The current proposal speaks about multi-threading crypto operations, let's call that "A) Speed - Speeding up processing of a single cell". Instead, I propose "B) Concurrency - Restructuring so multiple cells can be processed concurrently".
A cell of data should arrive via IO-Completion thread on a random CPU core, have crypto transformation applied on the same one core, then be dispatched onward out via the network. This seems to be quite a simple approach where I would think crypto code can remain the same "single-threaded" implementation.
Approach [A] will have diminishing returns as the number of cores increases. You can only break up a cell unit of work so much until you're encrypting one byte per cpu core. However, with approach [B], if you have millions of CPU cores (as an extreme) you can be processing millions of cells concurrently. Therefore, I believe approach [B] would be more scalable.
There would be circuit-state to maintain. Concurrent cells on the same circuit should be queued or thread-locked. I suspect thread-locking will be simple enough - the best approach.

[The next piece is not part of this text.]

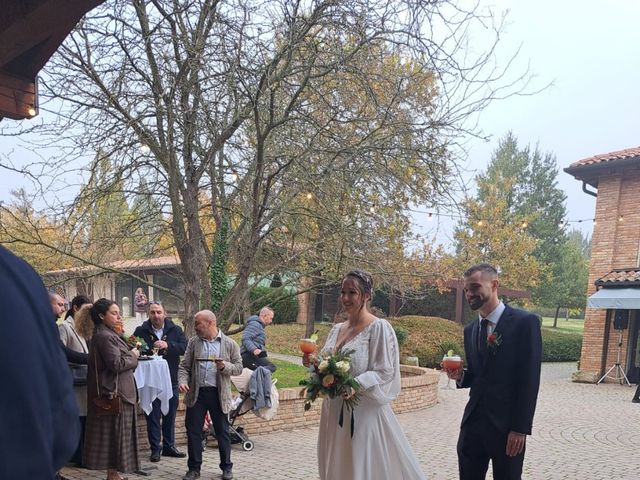 Il matrimonio di Valerio  e Caterina  a Castel San Pietro Terme, Bologna 19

Given that it's only a problem for the biggest nodes, a design should be chosen that is very time-efficient to implement and focuses on achieving the goals of such users, not focusing on squeezing every drop of performance, for performance sake. I believe this is that efficient and focused design.
I've been saying this whole time that my (admittedly very informal) benchmarks show that the time spent in relay crypto is not significant, as long as AES is hardware accelerated (e.g. AES-NI). I assume that this task will require a significant amount of effort to bang out the final design and implement it. Therefore, if someone wants to do this, it is my opinion that they should first make better benchmarks, or find better benchmarks (I heard dgoulet was doing something...) showing that with modern openssl and hardware accelerated AES, parallelization is required.
Additionally: as I understand, the current design is highly single-threaded. In particular, the scheduler is a key component of modern Tor, and if I follow correctly, is sort of a bottleneck to full parallelism.